[[ GIVEN DATA open ]]
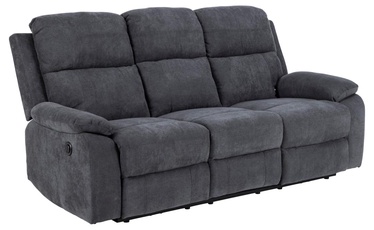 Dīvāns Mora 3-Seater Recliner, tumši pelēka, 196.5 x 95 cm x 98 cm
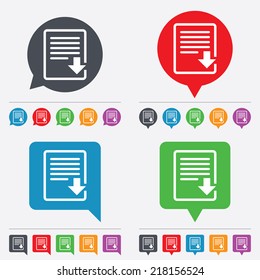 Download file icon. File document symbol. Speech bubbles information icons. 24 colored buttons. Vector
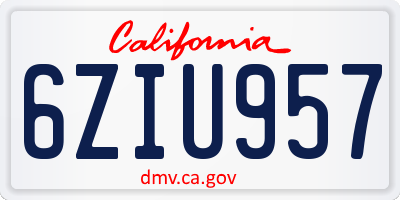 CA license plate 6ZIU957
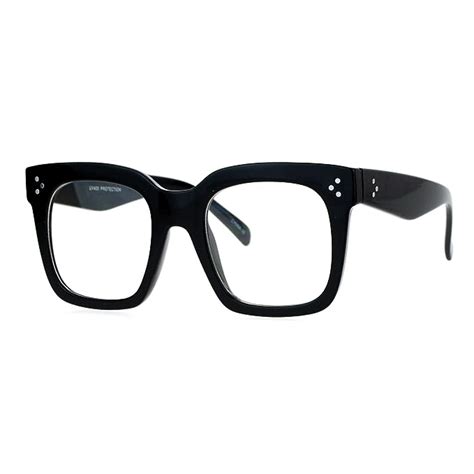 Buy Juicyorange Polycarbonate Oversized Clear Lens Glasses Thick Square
[[ GIVEN DATA closed ]]
[[ GIVEN DATA open ]]
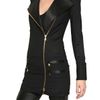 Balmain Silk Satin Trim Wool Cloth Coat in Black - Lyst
[[ GIVEN DATA closed ]]
*INSTRUCTIONS TO FOLLOW*
Starting at the line above with "Dīvāns Mora 3-Seater", output every line exactly up to and including the line with "Buy Juicyorange Polycarbonate", but none of the pictures.

*FINISHED EXERCISE*
 Dīvāns Mora 3-Seater Recliner, tumši pelēka, 196.5 x 95 cm x 98 cm
 Download file icon. File document symbol. Speech bubbles information icons. 24 colored buttons. Vector
 CA license plate 6ZIU957
 Buy Juicyorange Polycarbonate Oversized Clear Lens Glasses Thick Square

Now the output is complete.